Are anonymous sources a bad thing? Well, obviously in Jack Kelly’s case, yes. Same thing for the Plame leak.

But what about Watergate? In the On the Media interview that Keith references Mr. McPaper, Al Neuharth, has this to say:

BROOKE GLADSTONE: A lot of people say in the Watergate investigation, not to keep harping on that, came from the mid- and lower-levels of government where they could suffer grievously if they were proved to be a source.

AL NEUHARTH: I think if a lower level source in the government were to have an exclusive of some wrongdoing and then were fired for it, there’d probably be many others who would hire that person for his or her honesty and integrity, if he or she were identified.
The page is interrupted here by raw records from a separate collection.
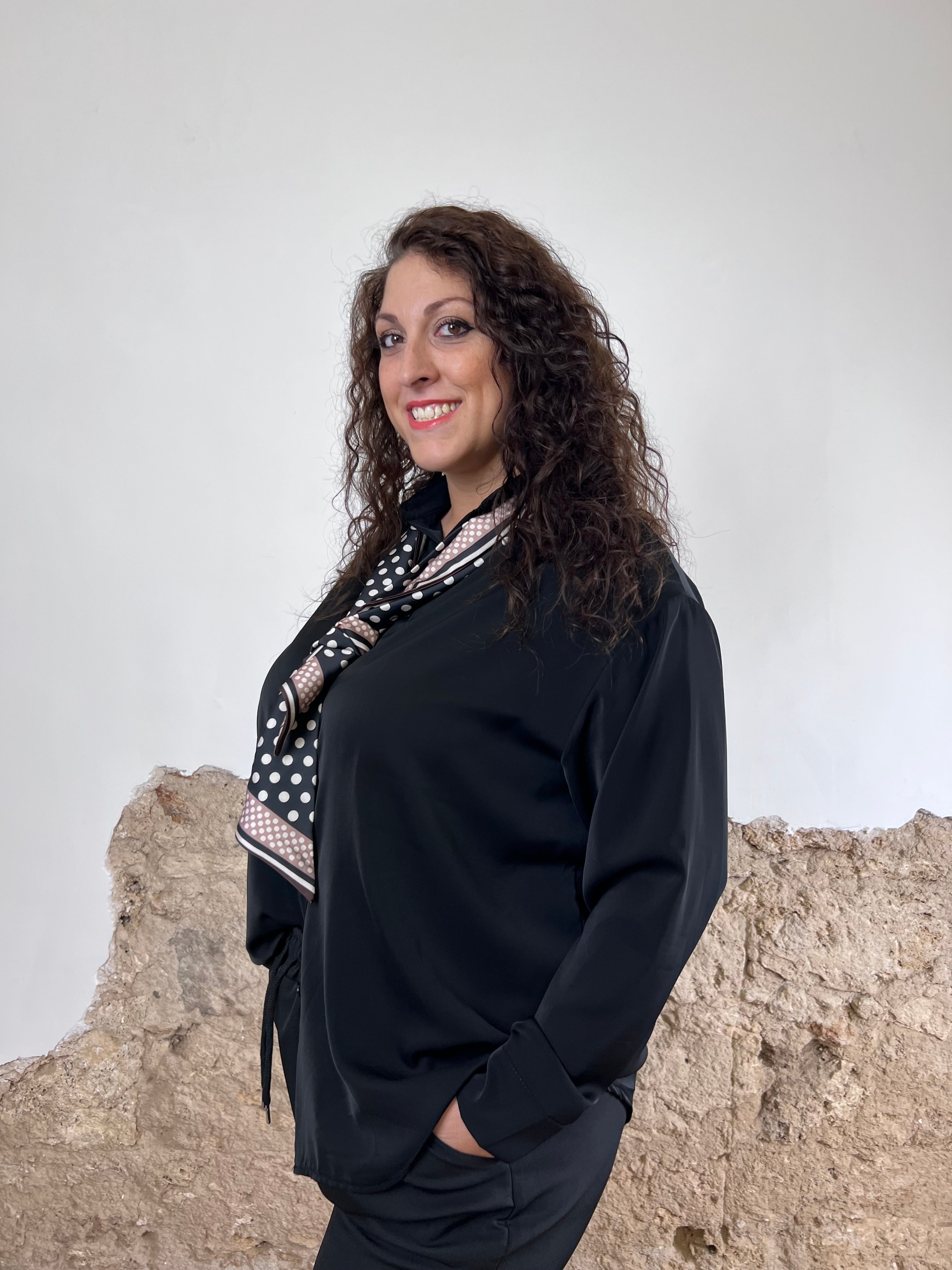 Camicia Nives (veste anche curvy)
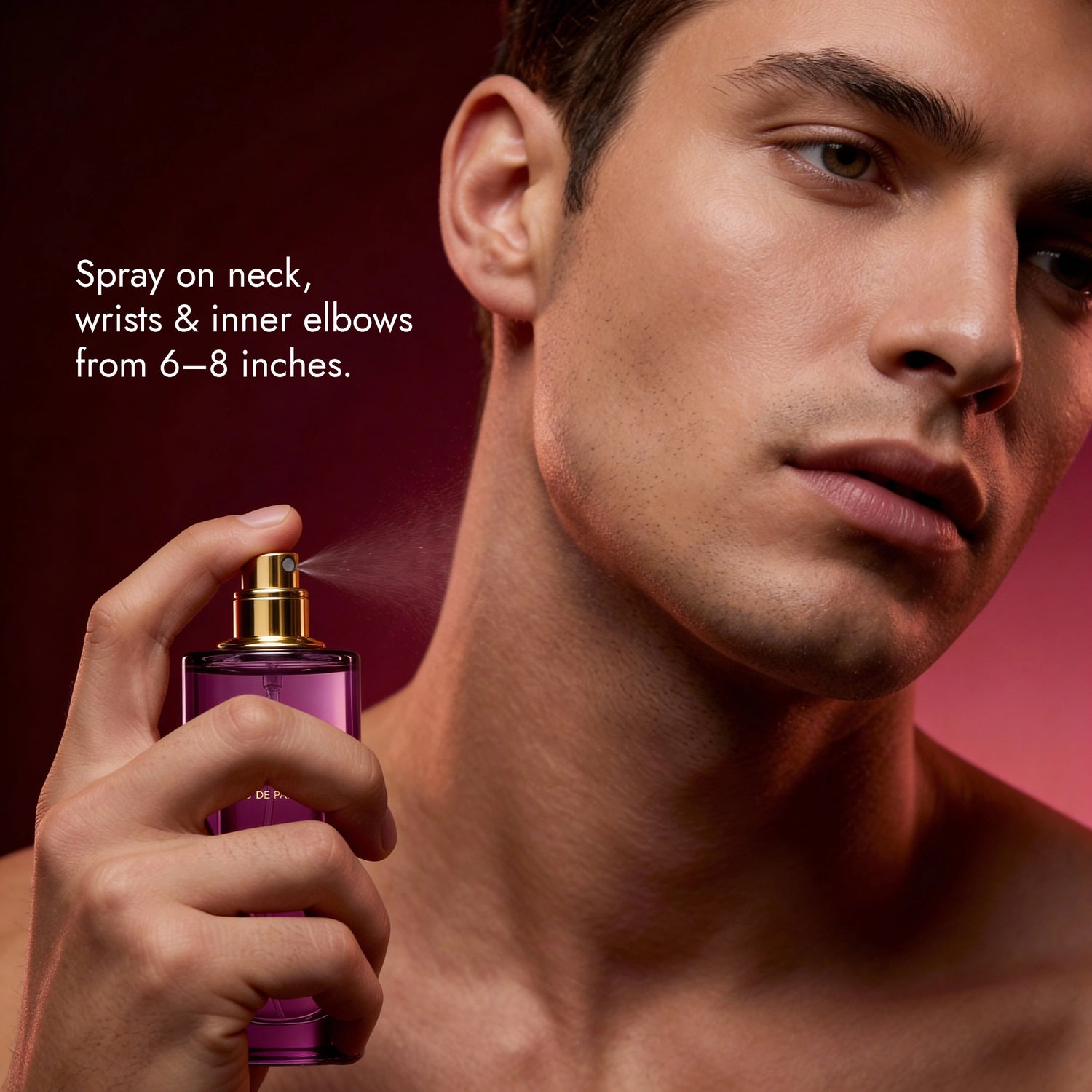 Desire Long Lasting EDP Perfume 50ml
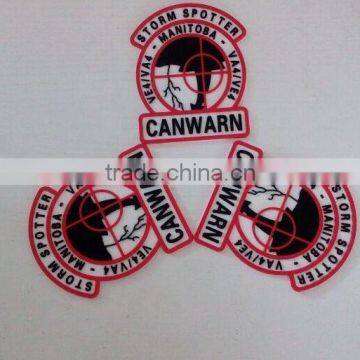 Custom Embroidery Patch With Custom Logo photo-3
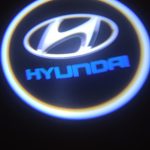 HYUNDAI Car Door Led Logo Welcom light (5)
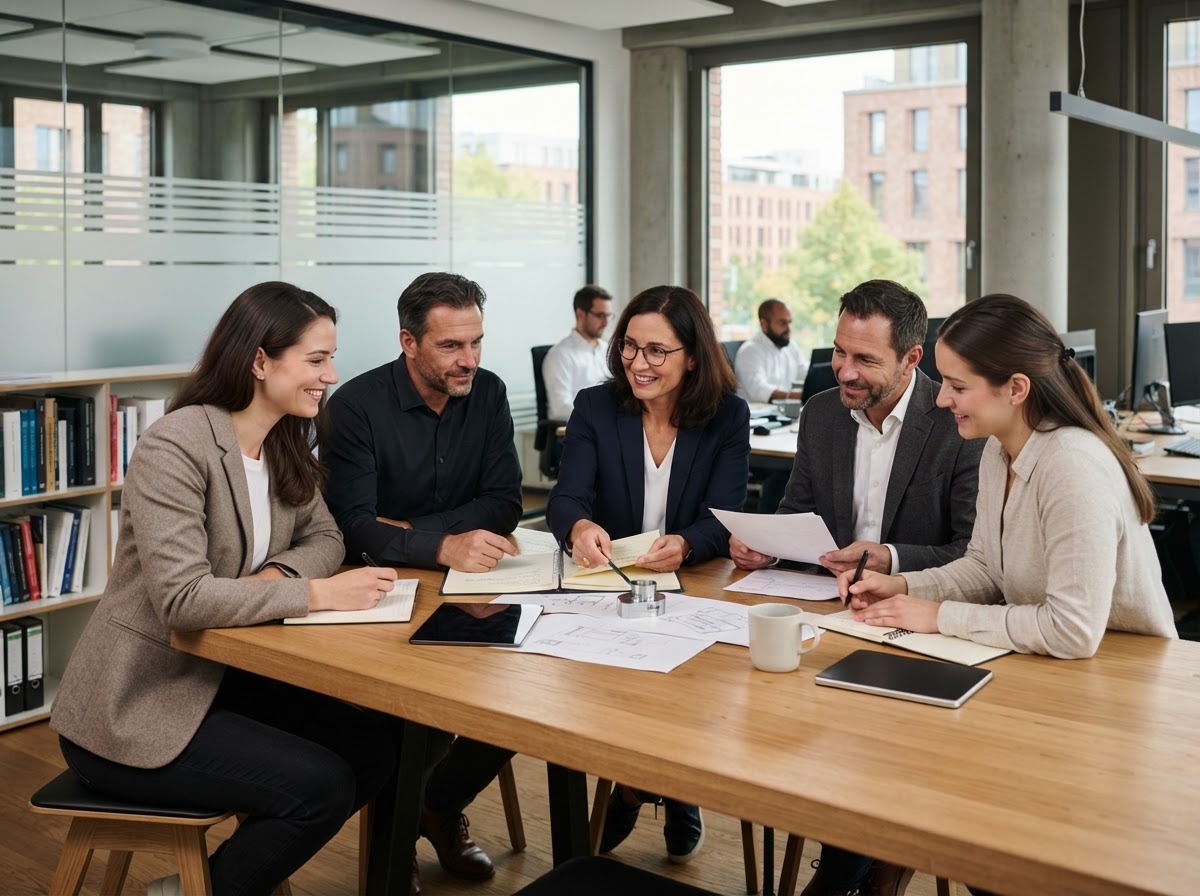Ravlen Kexor advisory team reviewing capital allocation analysis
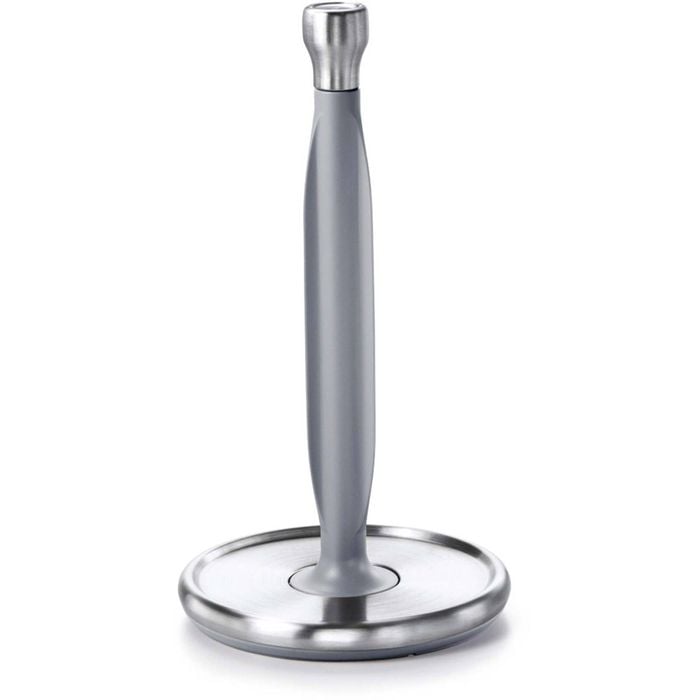 Oxo Good Grips Stainless Steel Steady Paper Towel Holder Kitchen Napkin Grey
That strikes me as hand waving. If you will, I’m curious what his source is for that belief. Note that he doesn’t say that he would be happy to hire someone who’d leaked information damaging to his or her employer.

Reading the account of how Mark Felt kept his identity a secret leads me to believe that he was afraid of more than just losing his job. He was afraid of being prosecuted for breaching national security.

The acid test for the fourth estate is whether they are effective at speaking truth to power. What distinguishes Watergate from the Plame leak is that the abuse of power is what’s being fascilitated.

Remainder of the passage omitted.